* ACTION ITEM *
Return every line of the listing below so that it matches the original exactly.

* DATA TO EXAMINE *
+ + + + +

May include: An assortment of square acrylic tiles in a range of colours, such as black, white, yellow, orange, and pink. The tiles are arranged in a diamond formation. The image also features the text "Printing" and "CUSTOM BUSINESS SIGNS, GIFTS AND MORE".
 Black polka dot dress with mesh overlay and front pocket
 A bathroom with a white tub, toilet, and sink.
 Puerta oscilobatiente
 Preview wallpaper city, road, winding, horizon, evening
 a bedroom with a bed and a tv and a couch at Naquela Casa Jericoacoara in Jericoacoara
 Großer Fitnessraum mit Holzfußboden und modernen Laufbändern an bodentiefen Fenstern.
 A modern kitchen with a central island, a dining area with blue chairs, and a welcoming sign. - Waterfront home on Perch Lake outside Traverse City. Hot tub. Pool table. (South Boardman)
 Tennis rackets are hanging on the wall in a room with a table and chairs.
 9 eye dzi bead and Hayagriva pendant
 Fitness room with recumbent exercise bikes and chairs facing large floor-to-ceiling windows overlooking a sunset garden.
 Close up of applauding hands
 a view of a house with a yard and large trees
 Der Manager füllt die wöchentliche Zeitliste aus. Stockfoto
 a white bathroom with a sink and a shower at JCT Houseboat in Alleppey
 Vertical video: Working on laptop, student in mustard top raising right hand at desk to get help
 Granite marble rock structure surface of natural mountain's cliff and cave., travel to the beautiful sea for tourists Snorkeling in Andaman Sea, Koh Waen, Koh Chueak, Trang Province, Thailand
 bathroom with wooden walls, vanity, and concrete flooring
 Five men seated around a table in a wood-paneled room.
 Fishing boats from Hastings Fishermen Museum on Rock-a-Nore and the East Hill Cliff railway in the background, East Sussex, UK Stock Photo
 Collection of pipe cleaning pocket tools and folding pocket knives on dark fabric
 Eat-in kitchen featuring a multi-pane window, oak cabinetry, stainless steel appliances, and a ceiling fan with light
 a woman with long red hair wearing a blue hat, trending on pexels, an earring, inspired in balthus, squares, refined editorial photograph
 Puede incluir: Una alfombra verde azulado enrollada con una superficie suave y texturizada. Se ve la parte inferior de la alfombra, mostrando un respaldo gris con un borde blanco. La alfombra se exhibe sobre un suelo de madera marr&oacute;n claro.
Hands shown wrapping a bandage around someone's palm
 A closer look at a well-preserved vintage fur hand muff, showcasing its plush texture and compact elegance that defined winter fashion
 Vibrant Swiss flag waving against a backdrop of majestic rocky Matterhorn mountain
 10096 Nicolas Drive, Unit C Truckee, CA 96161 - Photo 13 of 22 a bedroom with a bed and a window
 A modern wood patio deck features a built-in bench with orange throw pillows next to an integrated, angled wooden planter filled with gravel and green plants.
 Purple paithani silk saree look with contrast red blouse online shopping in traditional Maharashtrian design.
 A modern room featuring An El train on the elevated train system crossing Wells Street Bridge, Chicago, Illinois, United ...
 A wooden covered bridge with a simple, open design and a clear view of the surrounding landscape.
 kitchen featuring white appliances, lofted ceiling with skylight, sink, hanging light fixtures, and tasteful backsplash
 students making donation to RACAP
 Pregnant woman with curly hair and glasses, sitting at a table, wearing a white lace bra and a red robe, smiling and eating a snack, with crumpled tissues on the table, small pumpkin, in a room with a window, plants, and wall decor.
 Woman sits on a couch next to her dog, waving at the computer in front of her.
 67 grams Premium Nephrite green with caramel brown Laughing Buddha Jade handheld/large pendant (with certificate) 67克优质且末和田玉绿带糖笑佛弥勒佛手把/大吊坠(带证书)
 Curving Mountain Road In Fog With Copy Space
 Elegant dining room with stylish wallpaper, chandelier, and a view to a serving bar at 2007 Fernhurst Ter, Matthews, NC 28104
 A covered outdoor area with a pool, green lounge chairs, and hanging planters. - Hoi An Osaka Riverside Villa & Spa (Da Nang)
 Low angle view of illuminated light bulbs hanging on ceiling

+ + + + +

* REPLY TO THE TASK *
May include: An assortment of square acrylic tiles in a range of colours, such as black, white, yellow, orange, and pink. The tiles are arranged in a diamond formation. The image also features the text "Printing" and "CUSTOM BUSINESS SIGNS, GIFTS AND MORE".
 Black polka dot dress with mesh overlay and front pocket
 A bathroom with a white tub, toilet, and sink.
 Puerta oscilobatiente
 Preview wallpaper city, road, winding, horizon, evening
 a bedroom with a bed and a tv and a couch at Naquela Casa Jericoacoara in Jericoacoara
 Großer Fitnessraum mit Holzfußboden und modernen Laufbändern an bodentiefen Fenstern.
 A modern kitchen with a central island, a dining area with blue chairs, and a welcoming sign. - Waterfront home on Perch Lake outside Traverse City. Hot tub. Pool table. (South Boardman)
 Tennis rackets are hanging on the wall in a room with a table and chairs.
 9 eye dzi bead and Hayagriva pendant
 Fitness room with recumbent exercise bikes and chairs facing large floor-to-ceiling windows overlooking a sunset garden.
 Close up of applauding hands
 a view of a house with a yard and large trees
 Der Manager füllt die wöchentliche Zeitliste aus. Stockfoto
 a white bathroom with a sink and a shower at JCT Houseboat in Alleppey
 Vertical video: Working on laptop, student in mustard top raising right hand at desk to get help
 Granite marble rock structure surface of natural mountain's cliff and cave., travel to the beautiful sea for tourists Snorkeling in Andaman Sea, Koh Waen, Koh Chueak, Trang Province, Thailand
 bathroom with wooden walls, vanity, and concrete flooring
 Five men seated around a table in a wood-paneled room.
 Fishing boats from Hastings Fishermen Museum on Rock-a-Nore and the East Hill Cliff railway in the background, East Sussex, UK Stock Photo
 Collection of pipe cleaning pocket tools and folding pocket knives on dark fabric
 Eat-in kitchen featuring a multi-pane window, oak cabinetry, stainless steel appliances, and a ceiling fan with light
 a woman with long red hair wearing a blue hat, trending on pexels, an earring, inspired in balthus, squares, refined editorial photograph
 Puede incluir: Una alfombra verde azulado enrollada con una superficie suave y texturizada. Se ve la parte inferior de la alfombra, mostrando un respaldo gris con un borde blanco. La alfombra se exhibe sobre un suelo de madera marr&oacute;n claro.
Hands shown wrapping a bandage around someone's palm
 A closer look at a well-preserved vintage fur hand muff, showcasing its plush texture and compact elegance that defined winter fashion
 Vibrant Swiss flag waving against a backdrop of majestic rocky Matterhorn mountain
 10096 Nicolas Drive, Unit C Truckee, CA 96161 - Photo 13 of 22 a bedroom with a bed and a window
 A modern wood patio deck features a built-in bench with orange throw pillows next to an integrated, angled wooden planter filled with gravel and green plants.
 Purple paithani silk saree look with contrast red blouse online shopping in traditional Maharashtrian design.
 A modern room featuring An El train on the elevated train system crossing Wells Street Bridge, Chicago, Illinois, United ...
 A wooden covered bridge with a simple, open design and a clear view of the surrounding landscape.
 kitchen featuring white appliances, lofted ceiling with skylight, sink, hanging light fixtures, and tasteful backsplash
 students making donation to RACAP
 Pregnant woman with curly hair and glasses, sitting at a table, wearing a white lace bra and a red robe, smiling and eating a snack, with crumpled tissues on the table, small pumpkin, in a room with a window, plants, and wall decor.
 Woman sits on a couch next to her dog, waving at the computer in front of her.
 67 grams Premium Nephrite green with caramel brown Laughing Buddha Jade handheld/large pendant (with certificate) 67克优质且末和田玉绿带糖笑佛弥勒佛手把/大吊坠(带证书)
 Curving Mountain Road In Fog With Copy Space
 Elegant dining room with stylish wallpaper, chandelier, and a view to a serving bar at 2007 Fernhurst Ter, Matthews, NC 28104
 A covered outdoor area with a pool, green lounge chairs, and hanging planters. - Hoi An Osaka Riverside Villa & Spa (Da Nang)
 Low angle view of illuminated light bulbs hanging on ceiling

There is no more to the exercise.